Is this homework? It seems more sophisticated than the classical homework assignment, so I will guess not. But, sorry, just throwing lsqlin at this is a bad idea.
My gut tells me a big part of your problem MAY be that you are using too high an order polynomial. What is n here? Actually though, in context, n need not be that very large. Why not? Because you will have MASSIVE numerical problems, even for small n. That is, n is on the order of 7.3e5. Now, look at the matrix you will create for n as small as 3.
You are raising x to the 3rd power in one column of C. But the last column of C is all ones. Something you need to understand about linear algebra and double precision arithmetic, is that things go to hell when your numbers vary immensely. But worse, all values of x are almost identical. So the columns of x all look very much alike. Fairly close to being constant all down the columns.
You have not attached your data. But try computing the rank of C. It will be a seriously large number, even for small n.
So, how can you solve this? Actually, the answer is trivial, as long as you are willing to do some transformations.
And, I see you have attached your data! ... Just a second ...
[t,y]
ans =
737088 67.2
737092 67.2
737094 68.4
737095 67.2
737100 67.2
737104 70.5
737105 68.3
737109 69.8
737111 70.4
737112 69
737113 70.5
737115 68.9
737116 68.4
737117 70.4
737119 71
737120 71
737121 71
737122 69.7
737123 70.7
737125 70.7
And, it looks like n is 1 in the A.mat file? Gosh, how easy can this be? With n==1, the problem is trivial.
For n==1, the problem is of the form
y = a*t + b
but you wish to constrain it so that y(737088)=67.2, and fit exactly that point with no error. Assuming you have a recent release of MATLAB, do this:
C = t.^[1 0];
Aeq = [t(1),1];
beq = y(1);
coef = lse(C,y,Aeq,beq)
coef =
0.0994068704175685
-73204.4113023447
plot(t,y,'ro',t,coef(1)*t + coef(2),'-b')
Yes, I used my own lse code, downloadable from the file exchange. It looks like lsqlin had some numerical problems, probably due to the poor scaling of your variables, and gave up too easily.
LSE will be less sensitive. But even so, larger values of n will cause serious hiccups. For example, suppose you tried n==3?
n = 3;
C3 = t.^[n:-1:0];
I need only look at the first two rows of C. In fact, every row is almost identical. That will play hell with any least squares fit.
C3(1:2,:)
ans =
4.00458966738665e+17 543298719744 737088 1
4.00465486358683e+17 543304616464 737092 1
And you can see that the numerical rank of C3 is only 2.
rank(C2)
ans =
2
In fact, had you even tried to fit this with a quadratic polynomial, it would fail miserably. The rank of C2 is 2, but it has 3 columns. It looks like lsqlin died even when n==1.
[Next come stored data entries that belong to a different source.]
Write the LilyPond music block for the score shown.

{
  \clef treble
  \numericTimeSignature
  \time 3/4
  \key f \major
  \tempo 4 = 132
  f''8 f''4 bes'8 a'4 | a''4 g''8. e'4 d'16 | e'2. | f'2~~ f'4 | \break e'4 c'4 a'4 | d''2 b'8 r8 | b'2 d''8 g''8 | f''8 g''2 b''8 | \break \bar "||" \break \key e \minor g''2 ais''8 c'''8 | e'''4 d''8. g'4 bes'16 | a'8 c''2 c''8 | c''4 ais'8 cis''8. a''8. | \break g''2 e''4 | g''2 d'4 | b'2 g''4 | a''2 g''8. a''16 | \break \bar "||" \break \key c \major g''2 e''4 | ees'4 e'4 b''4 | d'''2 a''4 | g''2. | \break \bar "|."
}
Now, could you have solved a similar problem, for larger n? Well, yes. In fact, the problem is solvable trivially, even without lse or lsqlin.
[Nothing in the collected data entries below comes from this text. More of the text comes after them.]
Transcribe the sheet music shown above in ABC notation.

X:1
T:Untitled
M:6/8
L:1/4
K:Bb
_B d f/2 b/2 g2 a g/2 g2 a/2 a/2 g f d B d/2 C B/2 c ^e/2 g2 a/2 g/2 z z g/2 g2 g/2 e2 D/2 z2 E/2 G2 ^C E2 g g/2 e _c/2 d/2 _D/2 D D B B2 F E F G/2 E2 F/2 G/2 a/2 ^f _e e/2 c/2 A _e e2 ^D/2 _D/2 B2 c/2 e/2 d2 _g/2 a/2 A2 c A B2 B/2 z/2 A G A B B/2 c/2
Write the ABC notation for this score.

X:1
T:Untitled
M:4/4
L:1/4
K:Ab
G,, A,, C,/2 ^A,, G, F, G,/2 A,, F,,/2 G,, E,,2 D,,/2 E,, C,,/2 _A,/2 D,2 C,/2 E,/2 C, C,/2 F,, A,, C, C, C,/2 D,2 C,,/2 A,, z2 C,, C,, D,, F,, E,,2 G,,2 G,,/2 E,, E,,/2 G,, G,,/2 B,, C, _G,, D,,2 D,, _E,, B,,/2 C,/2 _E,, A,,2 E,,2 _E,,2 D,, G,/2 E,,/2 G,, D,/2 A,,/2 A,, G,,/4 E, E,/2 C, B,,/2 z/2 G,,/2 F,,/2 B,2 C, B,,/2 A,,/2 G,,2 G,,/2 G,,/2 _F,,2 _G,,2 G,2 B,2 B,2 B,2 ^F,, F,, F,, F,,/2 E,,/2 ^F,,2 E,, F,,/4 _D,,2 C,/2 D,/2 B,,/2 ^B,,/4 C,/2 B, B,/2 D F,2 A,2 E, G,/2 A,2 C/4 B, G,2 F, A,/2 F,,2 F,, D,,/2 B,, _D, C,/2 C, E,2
Suppose we wanted to find the cubic polynomial fit, but one that is forced to pass through (t(1),y(1))?
The trick is to recognize that a polynomial with no constant term passes through the origin. That helps us, because we also need to deal with those HUGE numbers on the t axis. Raising numbers like 7.3e5 to even moderately small powers will cause numerical problems.
So transform the problem. Fit this polynomial model instead:
y - y(1) = a*(t-t(1))^3 + b*(t-t(1))^2 + c*(t-t(1))
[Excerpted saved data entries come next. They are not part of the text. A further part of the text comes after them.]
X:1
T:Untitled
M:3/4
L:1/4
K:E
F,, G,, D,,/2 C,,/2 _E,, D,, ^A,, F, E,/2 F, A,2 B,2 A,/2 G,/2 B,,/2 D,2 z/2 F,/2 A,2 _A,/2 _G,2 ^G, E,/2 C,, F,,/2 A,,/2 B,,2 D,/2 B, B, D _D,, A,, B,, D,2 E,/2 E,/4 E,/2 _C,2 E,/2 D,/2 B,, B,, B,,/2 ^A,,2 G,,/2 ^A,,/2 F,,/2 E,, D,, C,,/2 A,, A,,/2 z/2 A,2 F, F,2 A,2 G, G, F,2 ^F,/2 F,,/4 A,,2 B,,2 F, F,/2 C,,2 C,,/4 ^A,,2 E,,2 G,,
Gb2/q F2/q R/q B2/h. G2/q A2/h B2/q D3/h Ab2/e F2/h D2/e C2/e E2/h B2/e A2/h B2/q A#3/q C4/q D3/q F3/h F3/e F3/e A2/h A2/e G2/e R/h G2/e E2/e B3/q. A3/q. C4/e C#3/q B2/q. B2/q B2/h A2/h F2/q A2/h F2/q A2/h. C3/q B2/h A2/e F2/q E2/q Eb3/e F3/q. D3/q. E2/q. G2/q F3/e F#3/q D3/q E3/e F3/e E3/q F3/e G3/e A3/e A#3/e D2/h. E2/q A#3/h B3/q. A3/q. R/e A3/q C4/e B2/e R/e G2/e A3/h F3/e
Look what happens when t==t(1)? The right hand side is zero, identically so. That means at that point, we will get y==y(1).
So, how will we do that fit?
that = t - t(1);
yhat = y - y(1);
abc = that.^(3:-1:1)\yhat
abc =
-6.42178429935585e-05
0.0031802721610219
0.0638830885069514
Note that MATLAB did not complain at all. That is because the matrix is now well behaved.
that.^(3:-1:0)
ans =
0 0 0 1
64 16 4 1
216 36 6 1
343 49 7 1
1728 144 12 1
4096 256 16 1
4913 289 17 1
9261 441 21 1
12167 529 23 1
13824 576 24 1
15625 625 25 1
19683 729 27 1
21952 784 28 1
24389 841 29 1
29791 961 31 1
32768 1024 32 1
35937 1089 33 1
39304 1156 34 1
42875 1225 35 1
50653 1369 37 1
cond(that.^(3:-1:0))
ans =
94939.1485014821
So not poorly conditioned, as things go. Plot the fit:
plot(t,y,'ro',t,polyval([abc;y(1)],t-t(1)),'-b')
So, I had to change how the model is evaluated. polyval can still do it, but with a twist, that of subtracting off t(1) from t, and by putting the constant term back into the polynomial coefficients.